Ama hiçbir şey düşündüğü gibi olmamıştı. Annesi ve babası odaya girdiklerinde utanarak göz ucuyla yüzlerine baktığında gördüğü nefret veya öfke değil, şefkat ve üzüntü olmuştu. Böyle olunca da utancına, şaşkınlığı eklenmişti. Bedenine temas edemediği için yakınan annesi ve ağlamamak için kendisini zorlayan babası bir süre yanında kalmış, intihar etme sebebini üstten üstten  sorgulamışlardı ancak o, ağabeyi Kenan'ın kaş göz işaretlerini farkettiğinde bir şey söylemeyip, dudaklarını birbirine bastırmıştı.

Ne hissedeceğini şaşırdığı o anlarda Erkam'ın odaya girmesiyle bulunduğu yerin biraz üstünde kurşun yarası taşıyan kalbi hissettiği acıya rağmen hızını arttırmış, yaşlarla dolan gözlerini kaçırmıştı. Bu hâli ise çok sürmemişti çünkü Erkam odada birkaç dakika kadar kalıp çıkmıştı.

Anne ve babasının çıkması ile de baş başa kaldığı Kenan ağabeyi ise yüzünden çok yarasının olduğu bölgeye bakarak, verdikleri ifadeden hızlı hızlı bahsetmişti. Kaldığı süre boyunca Erkam'ı bir, Kenan ağabeyini  ise üç kez görmüştü ve Kenan'ın her gelişi  bilgilendirme amaçlı idi. İkinci gelişinde kimsenin bir şey bilmediğini söylemiş, üçüncüsünde ise o sormadan Elif'in, Emir Bey'in konağında kaldığını söylemişti. Yanına annesi, babası, Meryem yengesi ve Civan sıklıkla gelip gidiyordu fakat hiçbiri Esila'nın bebeğini kaybettiğini söylememişti. Yaşananlardan haberdar değildi... Ta ki  yalnızca bir kez telefonda konuşabildiği Elif, söyleyene kadar...
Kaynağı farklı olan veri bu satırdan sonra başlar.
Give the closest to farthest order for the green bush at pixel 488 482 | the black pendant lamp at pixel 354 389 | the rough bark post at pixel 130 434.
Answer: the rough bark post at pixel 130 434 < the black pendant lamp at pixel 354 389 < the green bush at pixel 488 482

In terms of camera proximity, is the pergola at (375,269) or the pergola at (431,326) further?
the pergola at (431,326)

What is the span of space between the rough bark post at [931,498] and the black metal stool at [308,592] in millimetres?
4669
Her şeyi bekliyordu... Ölmeyi, duyulduğunda ailesinin nefretini kazanacağını,  sağ kurtulmuş olsa bile büyüklerinin ölmelerini isteyeceklerini... yeniden ölümle burun buruna gelmeyi... Bir tek bu ihtimal geçmemişti aklından. Aldıkları karar da ve belirledikleri yolda ilerlerlerken en çok zararı yine Esila görmüştü. Ve ağabeyi...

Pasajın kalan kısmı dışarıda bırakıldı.